[Opening Dataset content section]

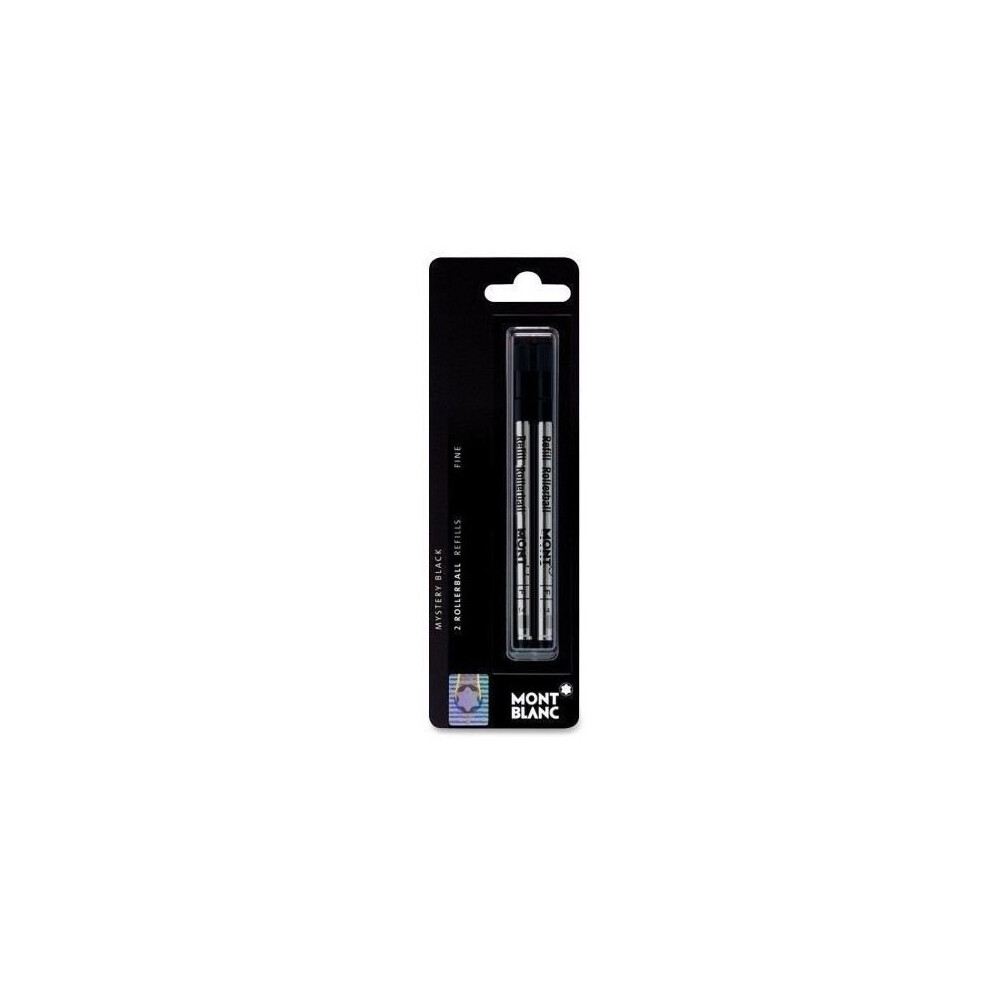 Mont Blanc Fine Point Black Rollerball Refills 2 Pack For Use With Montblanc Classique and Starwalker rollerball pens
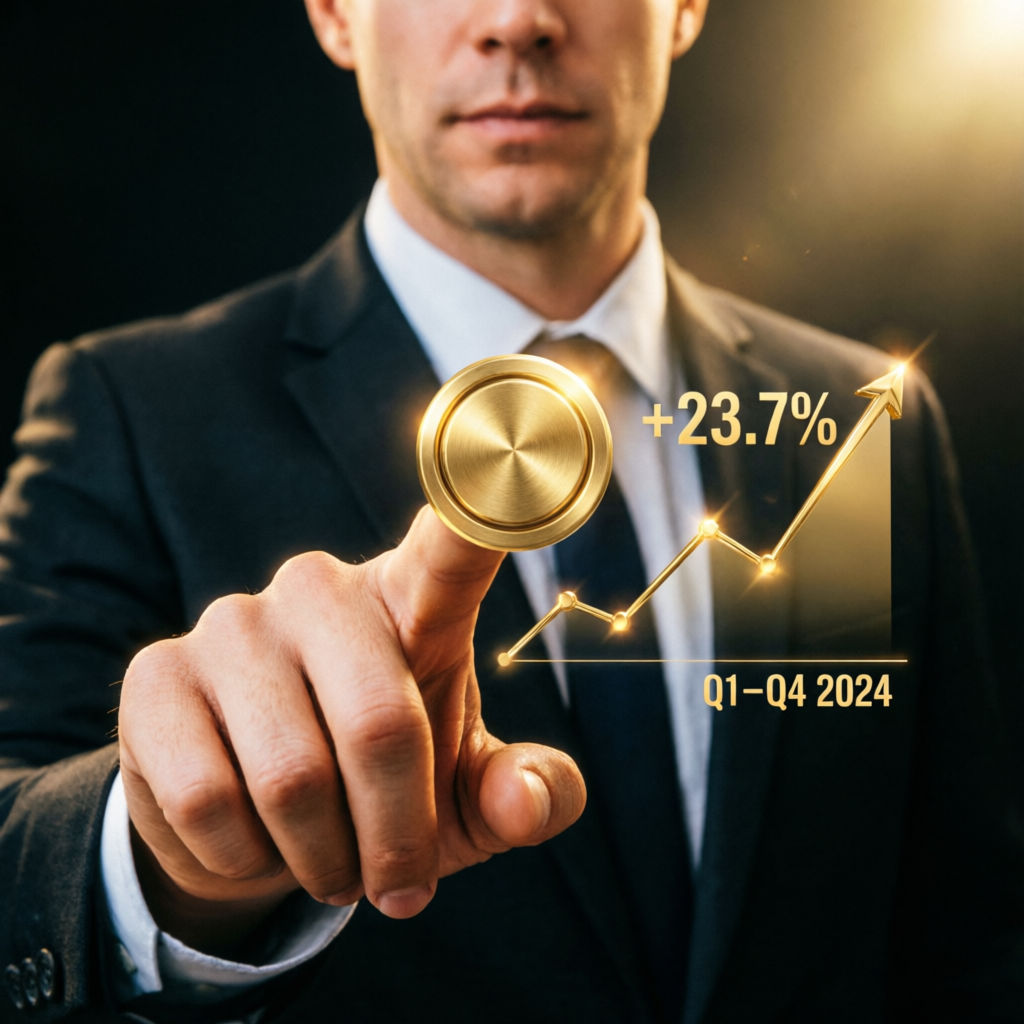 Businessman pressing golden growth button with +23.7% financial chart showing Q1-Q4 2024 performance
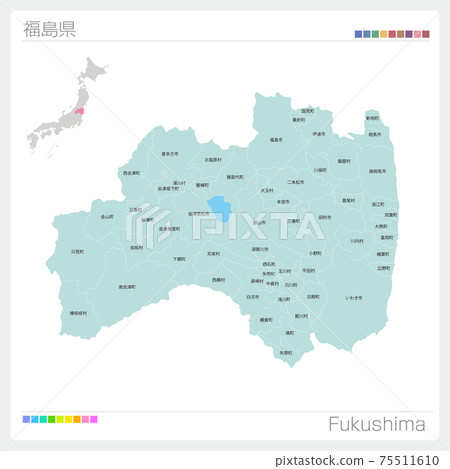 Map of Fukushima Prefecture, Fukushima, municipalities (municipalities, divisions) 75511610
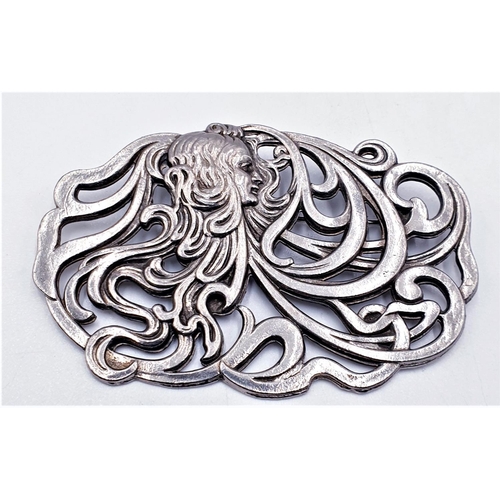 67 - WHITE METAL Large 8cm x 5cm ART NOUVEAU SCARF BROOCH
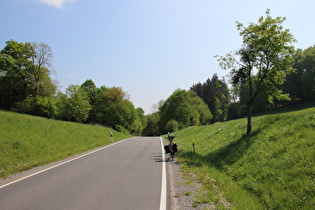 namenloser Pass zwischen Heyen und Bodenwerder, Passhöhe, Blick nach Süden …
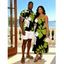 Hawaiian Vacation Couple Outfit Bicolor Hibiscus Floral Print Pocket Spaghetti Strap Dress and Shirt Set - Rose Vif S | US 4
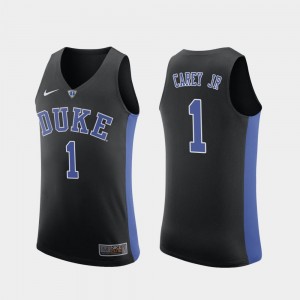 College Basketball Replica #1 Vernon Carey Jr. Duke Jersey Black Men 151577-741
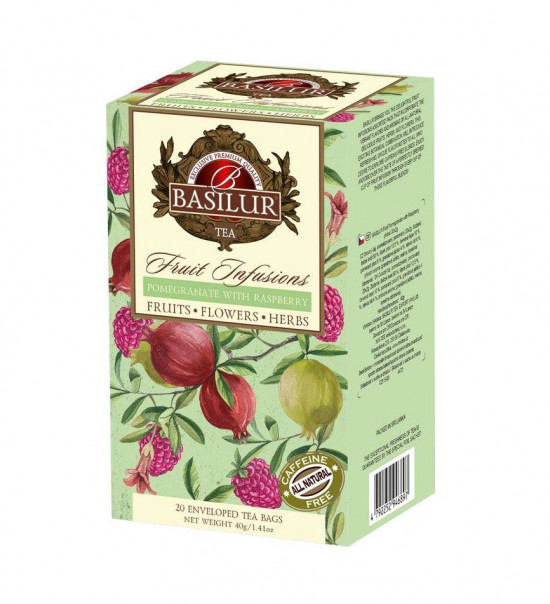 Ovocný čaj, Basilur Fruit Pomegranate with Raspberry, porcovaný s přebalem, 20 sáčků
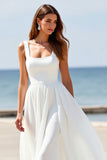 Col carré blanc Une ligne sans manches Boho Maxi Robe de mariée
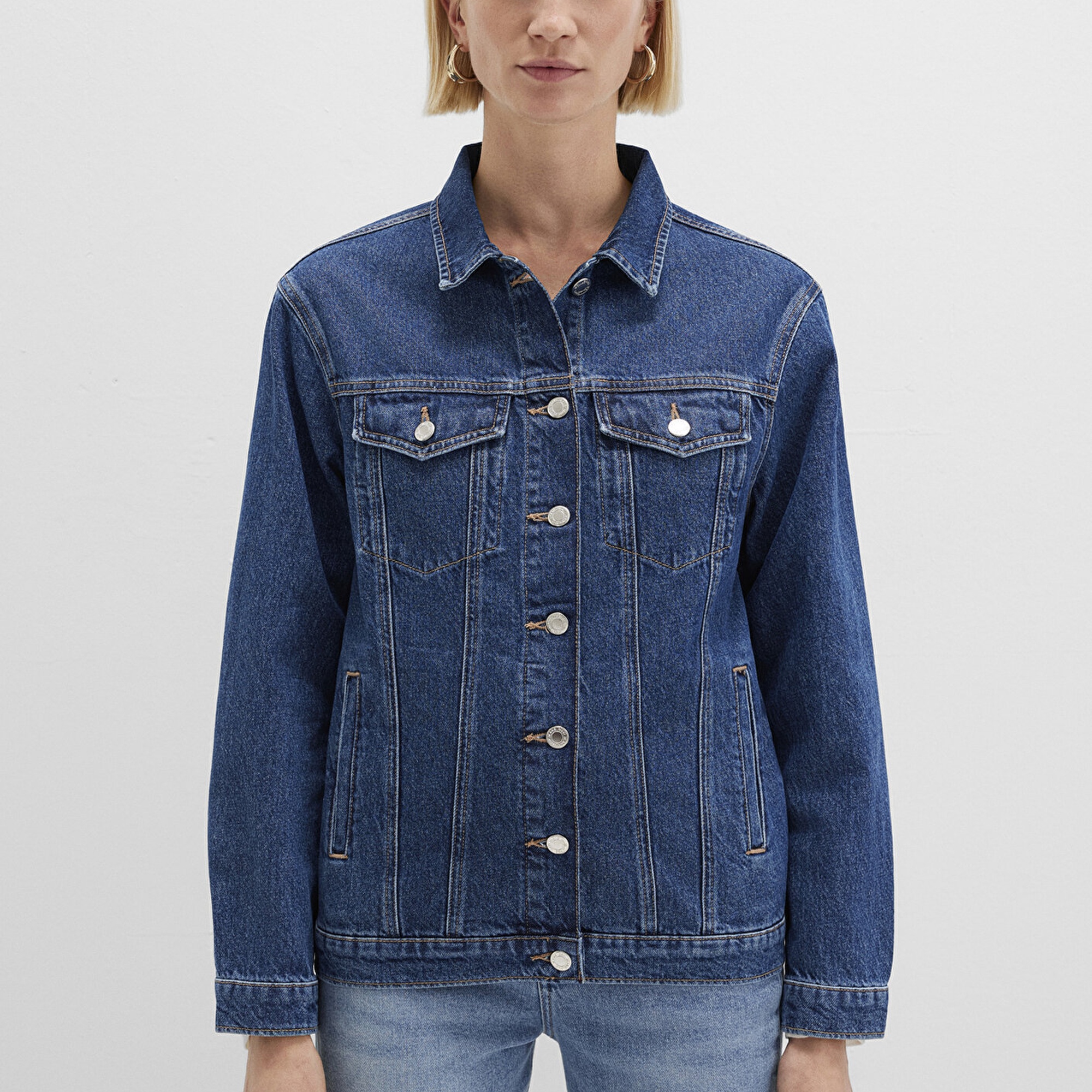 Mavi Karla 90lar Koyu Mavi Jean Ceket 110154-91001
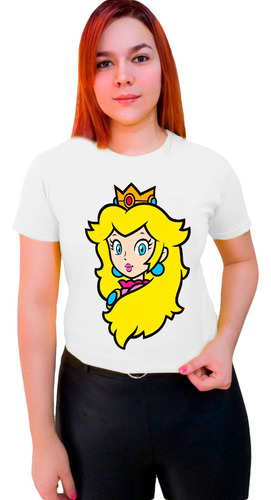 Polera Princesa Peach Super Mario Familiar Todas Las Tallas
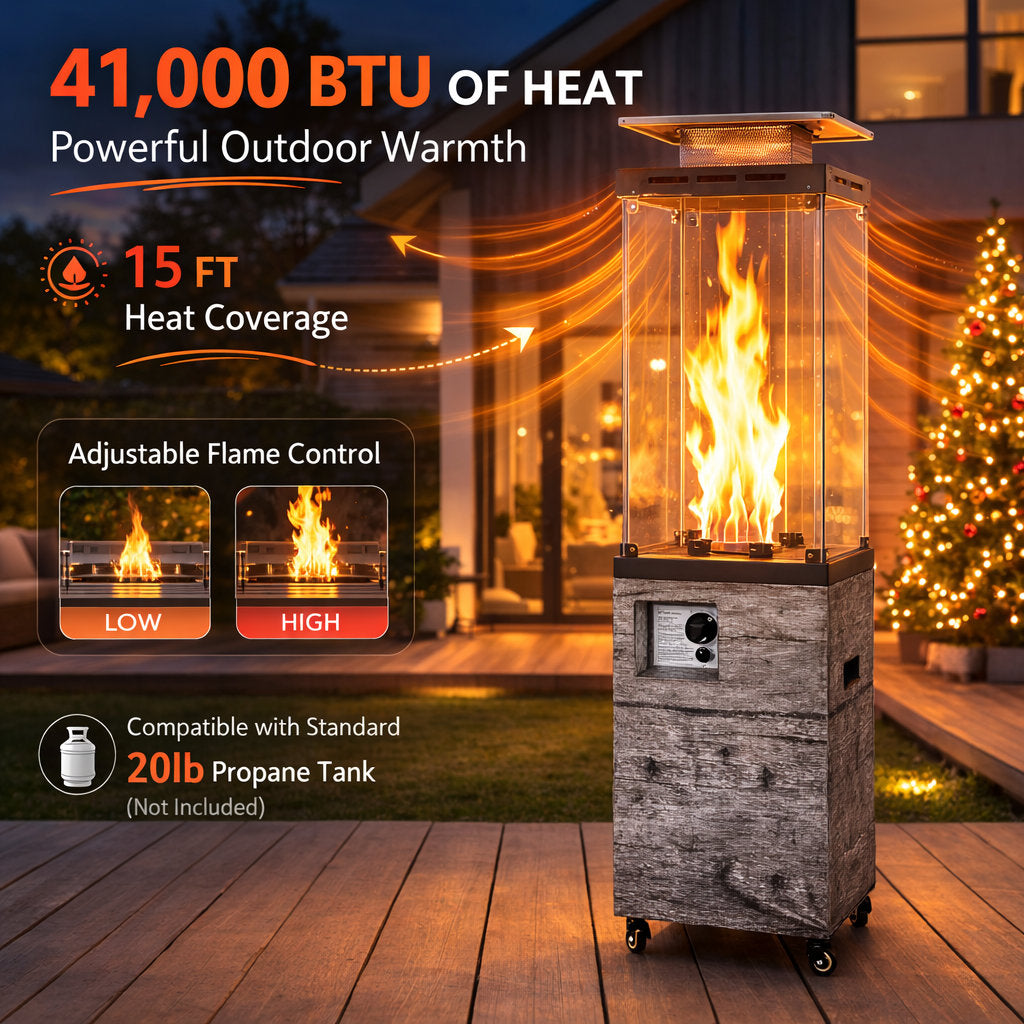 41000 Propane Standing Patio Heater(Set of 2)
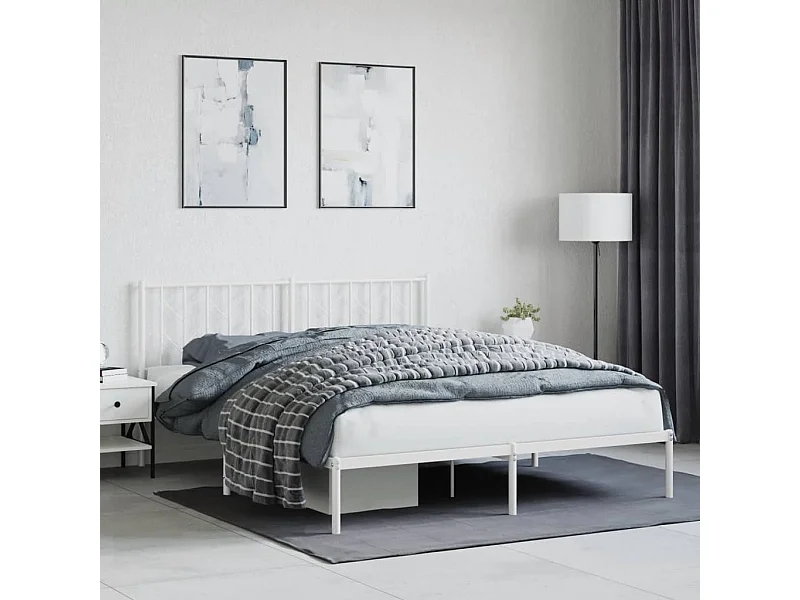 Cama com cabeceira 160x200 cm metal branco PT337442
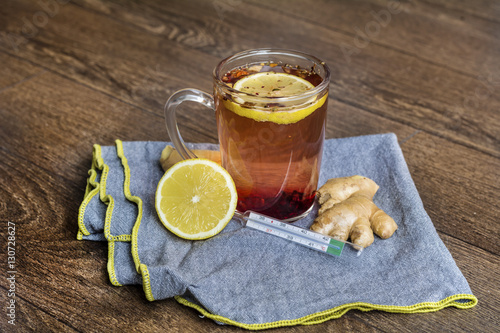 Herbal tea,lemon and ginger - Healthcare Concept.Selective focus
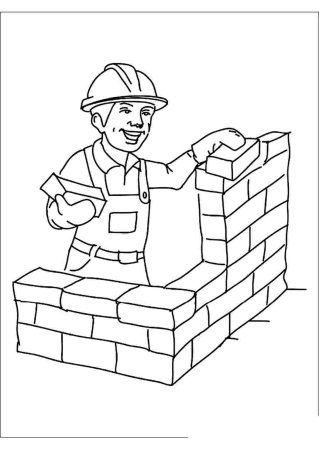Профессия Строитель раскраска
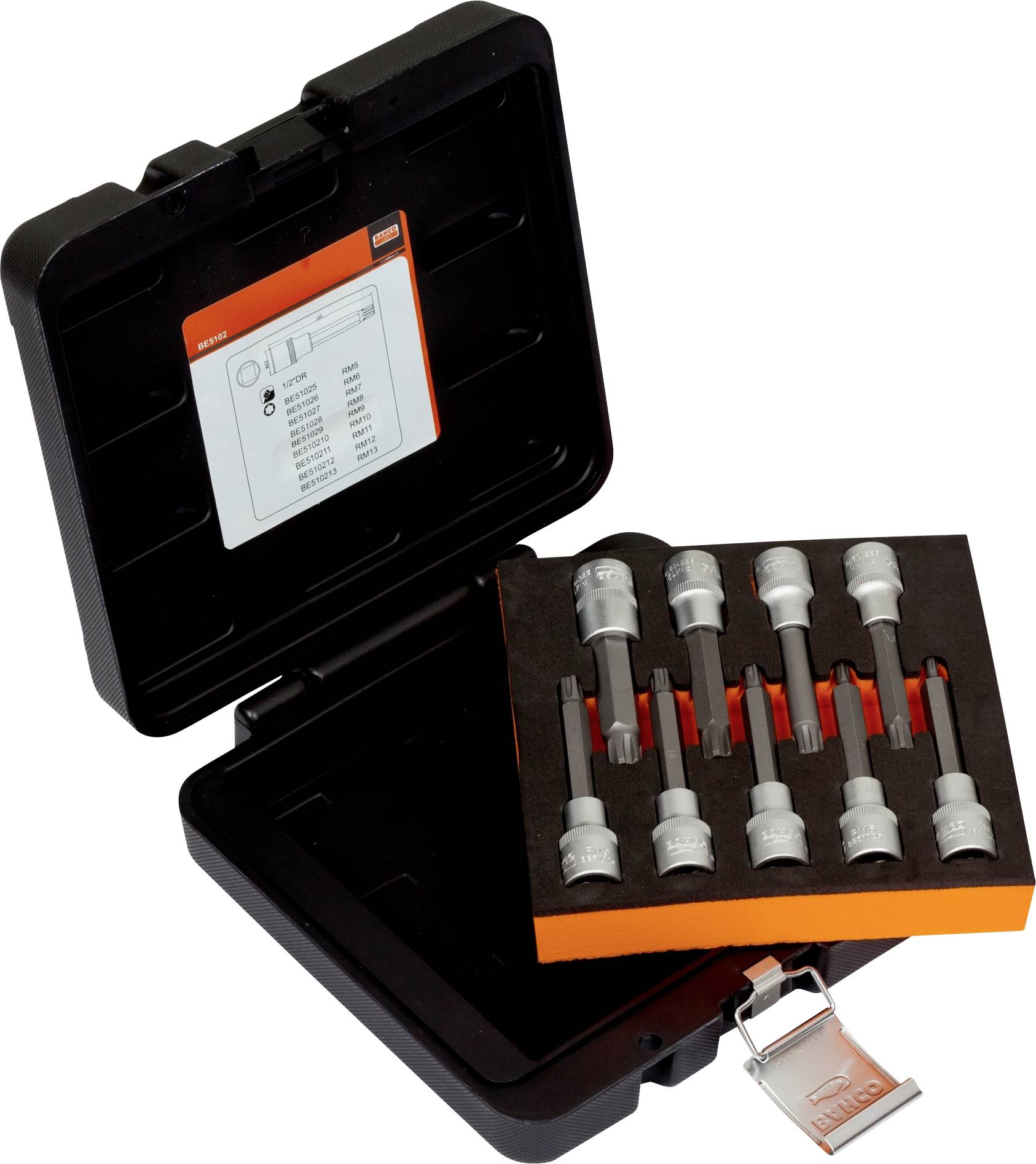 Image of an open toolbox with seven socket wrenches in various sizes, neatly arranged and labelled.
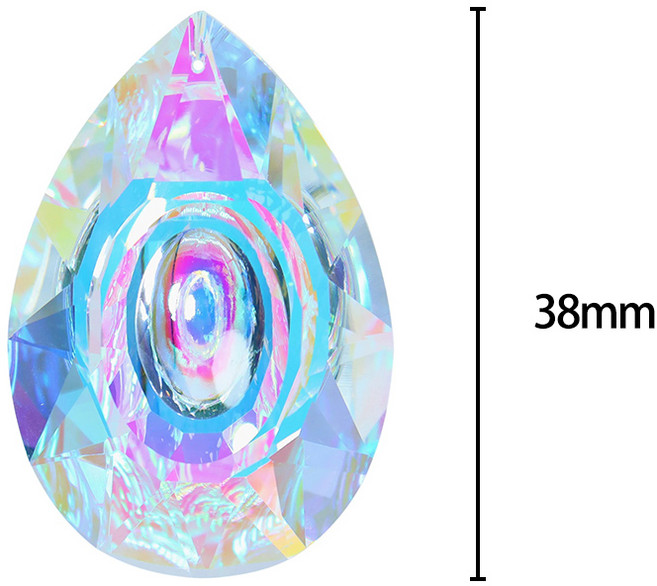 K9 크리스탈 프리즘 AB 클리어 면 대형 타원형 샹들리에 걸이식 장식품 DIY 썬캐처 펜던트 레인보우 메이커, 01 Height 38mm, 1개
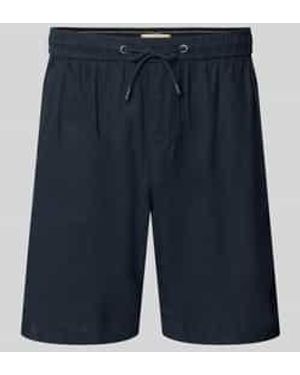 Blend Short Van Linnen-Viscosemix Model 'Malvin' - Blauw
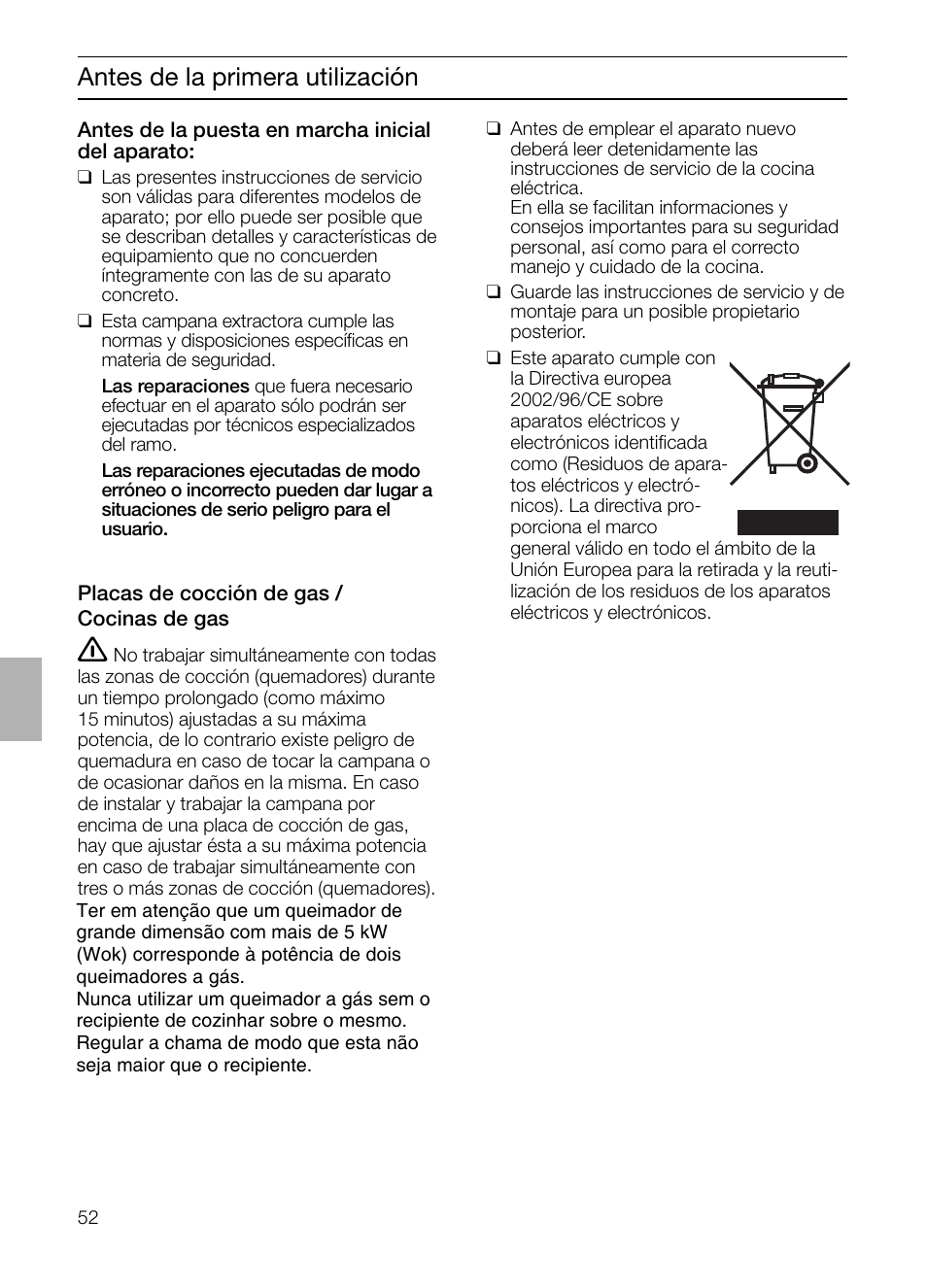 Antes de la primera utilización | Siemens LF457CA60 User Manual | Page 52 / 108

[Closing Dataset content section]

# Your instructions:
Output only the lines above from the line that holds "Polera Princesa Peach" through the line that holds "Профессия Строитель раскраска", both ends included, and exclude pictures.

# Answer section:
 Polera Princesa Peach Super Mario Familiar Todas Las Tallas
 41000 Propane Standing Patio Heater(Set of 2)
 Cama com cabeceira 160x200 cm metal branco PT337442
 Herbal tea,lemon and ginger - Healthcare Concept.Selective focus
Профессия Строитель раскраска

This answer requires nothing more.